Kubernetes Vertical Pod Autoscaler (VPA) — Complete Guide (2026)
Everything you need to know about Kubernetes VPA. Covers installation, recommendation modes, right-sizing strategies, VPA vs HPA, and production best practices for resource optimization.
Every Kubernetes cluster has the same problem: developers guess resource requests, and they guess wrong. Memory requests are 3x what pods actually use. CPU requests are set to "1 core" because someone copied it from a tutorial. The result? Wasted money and scheduling inefficiency.

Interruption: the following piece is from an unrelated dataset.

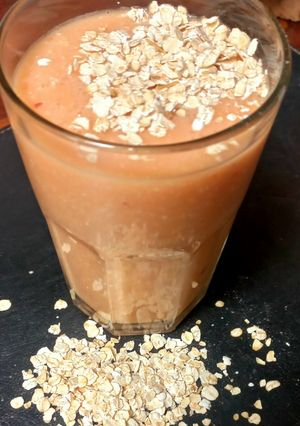 Una foto de Licuado de Papaya, Manzana y Avena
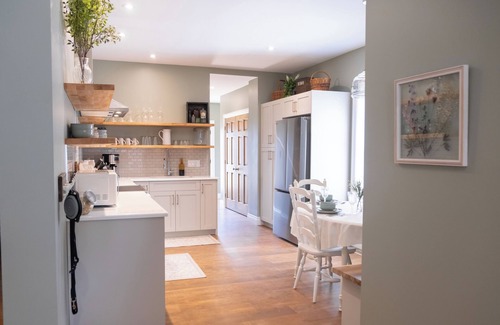 Port Rowan House | The Ivy Cottage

The Vertical Pod Autoscaler (VPA) fixes this by automatically right-sizing pod resource requests based on actual usage. It analyzes historical metrics and either recommends or automatically applies optimal CPU and memory values.
If you're managing more than a handful of deployments, VPA should be in your toolkit. Here's the complete guide.
What VPA Does
VPA adjusts the resource requests and limits of containers in a pod based on observed usage:
Without VPA:
requests.cpu: 1000m (actual usage: 150m) → 85% waste
requests.memory: 1Gi (actual usage: 256Mi) → 75% waste
With VPA:
requests.cpu: 250m (target based on P95) → right-sized
requests.memory: 384Mi (target with headroom) → right-sized
VPA has three operating modes:
| Mode | Behavior | Risk Level |
|---|---|---|
| Off | VPA calculates recommendations but does nothing | None |
| Initial | Sets resources only when pods are created (not on running pods) | Low |
| Auto | Evicts and recreates pods with updated resources | Medium |
Most teams start with Off (recommend only), then graduate to Auto for non-critical workloads.
Installing VPA
Prerequisites
- Kubernetes 1.26+
- Metrics Server installed (
kubectl top podsmust work)
Installation
# Clone the VPA repo
git clone https://github.com/kubernetes/autoscaler.git
cd autoscaler/vertical-pod-autoscaler
# Install VPA components
./hack/vpa-up.shOr with Helm:
helm repo add fairwinds-stable https://charts.fairwinds.com/stable
helm install vpa fairwinds-stable/vpa \
--namespace vpa \
--create-namespace \
--set recommender.enabled=true \
--set updater.enabled=true \
--set admissionController.enabled=trueVerify:
kubectl get pods -n vpaNAME READY STATUS RESTARTS AGE
vpa-admission-controller-6b5c4f6d8-x2k4m 1/1 Running 0 2m
vpa-recommender-7d9bc5f8b-9j3kl 1/1 Running 0 2m
vpa-updater-5f9d8b7c6-l8m2p 1/1 Running 0 2m
Three components:
- Recommender — watches pod metrics, calculates optimal resources
- Updater — evicts pods that need resource updates (only in Auto mode)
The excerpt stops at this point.